▶ RECORDS FOR PROCESSING:
= = =

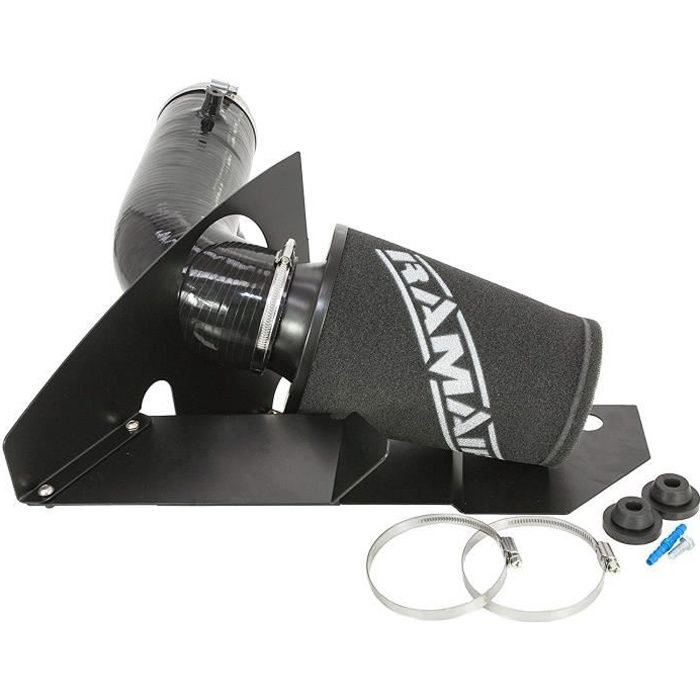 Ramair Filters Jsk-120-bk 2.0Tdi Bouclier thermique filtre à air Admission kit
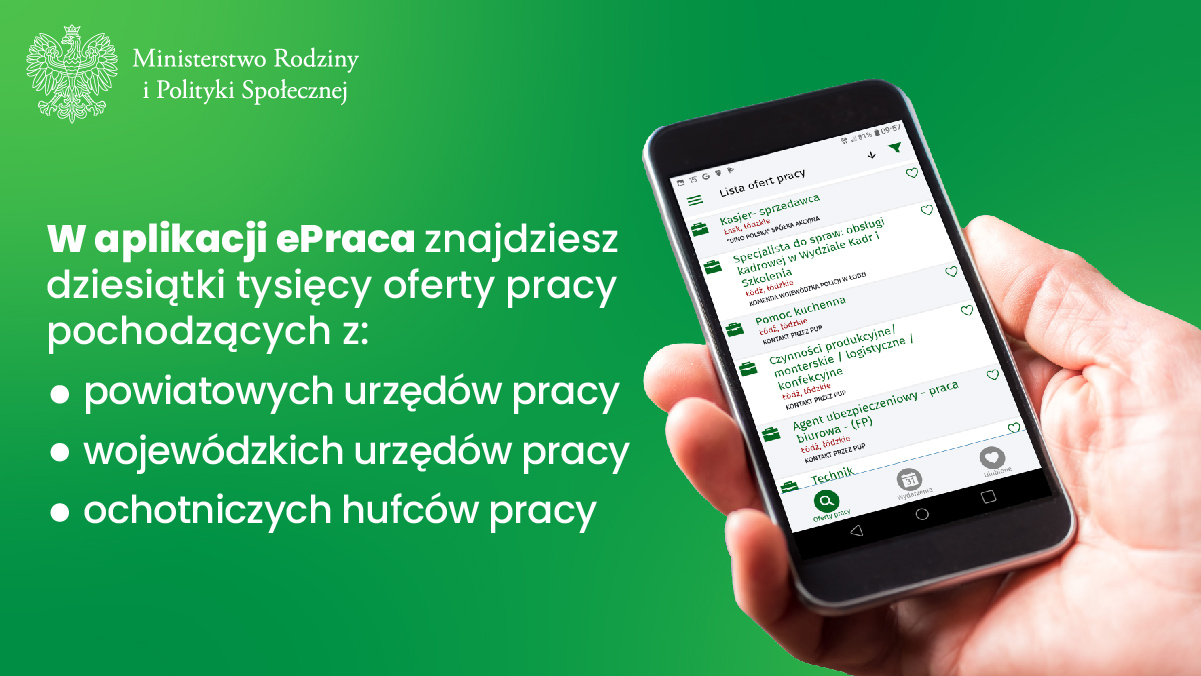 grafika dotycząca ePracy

= = =

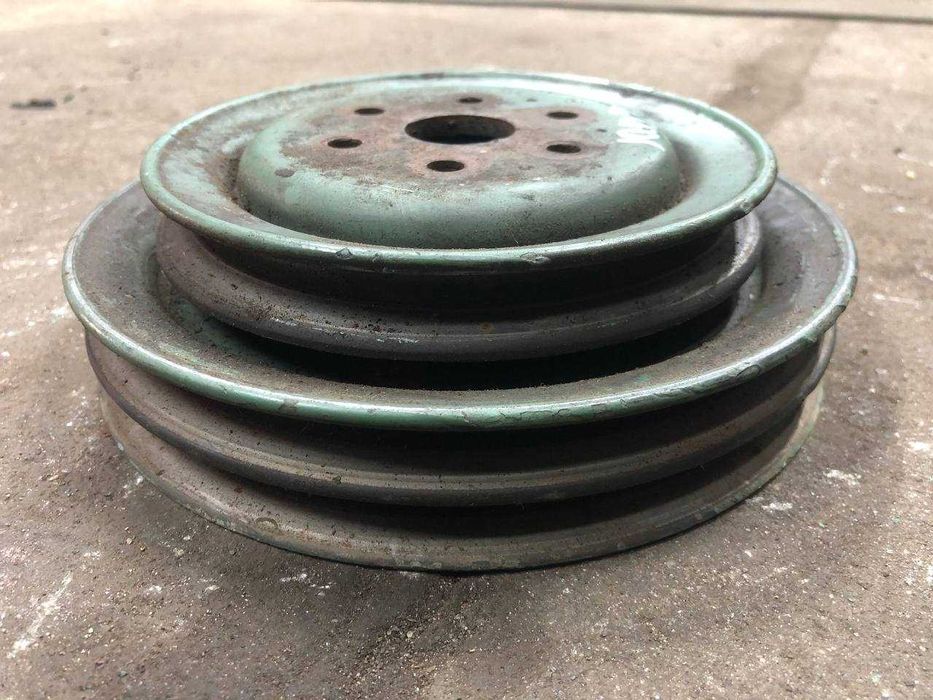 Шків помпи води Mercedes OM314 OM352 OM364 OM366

= = =

Your task is to copy only the lines above starting at the one containing "Ramair Filters Jsk-120-bk" and ending at the one containing "grafika dotycząca ePracy". Copy them exactly, both ends included, and omit the pictures.

 Ramair Filters Jsk-120-bk 2.0Tdi Bouclier thermique filtre à air Admission kit
 grafika dotycząca ePracy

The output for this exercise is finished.